Kganye received her introduction to photography in 2009 at the Market Photo Workshop in Johannesburg, and completed the Advanced Photography Programme in 2011. She obtained a Diploma in Fine Arts from the University of Johannesburg in 2014 and is currently doing her Masters in Fine Arts at the University of the Witwatersrand. Notable awards include the Grand Prix Images Vevey 2021/22, Paulo Cunha e Silva Art Prize, 2020, Camera Austria Award, 2019 and the finalist of the Rolex Mentor & Protégé Arts Initiative, 2019. Kganye participated in major museum group exhibitions in 2021 – Family Affairs. Family in Current Photography at the House of Photography in Deichtorhallen Hamburg, Germany and The Power of My Hands, at Musée d’Art Moderne de Paris, France. She has exhibited her work extensively within curated group exhibitions and biennales including:
  • Afterglow, Yokohama Triennale, Yokohama Museum of Art, Japan, in 2020
  • Africa State of Mind, a travelling exhibition presented at the Royal West of England Academy, Bristol, UK, in 2019 – 2020, the Museum of African Diaspora, San Francisco, USA, in 2019 and the Impressions Gallery, Bradford, UK, in 2018
  • The Way She Looks: A History of Female Gazes in African Portraiture at the Ryerson Image Centre, Toronto, Canada, in 2019
  • Recent Histories, a touring exhibition of Contemporary African Photography and Video Art from Arthur Walther Collection, presented at Huis Marseille, Museum for Photography, Amsterdam, in 2018–2019
  • Tell freedom, by all means necessary, at Kunsthal KAdE, Amersfoort, Netherlands, in 2018
  • Give me Yesterday, Fondazione Prada, Milan, Italy, in 2016, and
  • Telling Time, at the Bamako Encounters Biennale of African Photography, Bamako, Mali, in 2015.
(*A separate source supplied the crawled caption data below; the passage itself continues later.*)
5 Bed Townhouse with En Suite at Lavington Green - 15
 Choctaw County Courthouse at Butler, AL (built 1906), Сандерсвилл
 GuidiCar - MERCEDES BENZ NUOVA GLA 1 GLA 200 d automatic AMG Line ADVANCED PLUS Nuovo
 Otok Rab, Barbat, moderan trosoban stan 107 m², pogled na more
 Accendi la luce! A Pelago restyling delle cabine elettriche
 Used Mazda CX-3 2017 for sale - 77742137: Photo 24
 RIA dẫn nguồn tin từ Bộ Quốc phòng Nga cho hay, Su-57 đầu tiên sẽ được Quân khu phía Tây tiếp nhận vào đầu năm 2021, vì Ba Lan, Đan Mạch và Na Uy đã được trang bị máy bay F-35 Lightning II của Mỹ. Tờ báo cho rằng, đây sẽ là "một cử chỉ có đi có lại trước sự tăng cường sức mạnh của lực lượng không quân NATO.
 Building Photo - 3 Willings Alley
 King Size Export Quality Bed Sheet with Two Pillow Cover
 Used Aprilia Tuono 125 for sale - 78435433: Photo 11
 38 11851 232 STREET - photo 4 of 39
In 2022, a solo exhibition of Kganye’s newly commissioned works will be presented by the Georgian House Museum in Bristol, UK. Earlier solo exhibitions include:
  • The Stories We Tell: Memory as Material, at George Bizos Gallery at the Apartheid Museum, Johannesburg, South Africa in 2020
  • Ke Lefa Laka : Her-story, at approche in Le Molière, Paris, France in 2019
  • Mohlokomedi wa Tora at the Pretoria Art Museum, Pretoria, South Africa in 2018
  • Ke Lefa Laka: Her-story, at Festival Africolor at Université Paris 13, in Bobigny and Villetaneuse, Paris, France both in 2016, and
  • Ke Lefa Laka at Market Photo Workshop, Johannesburg, South Africa in 2013.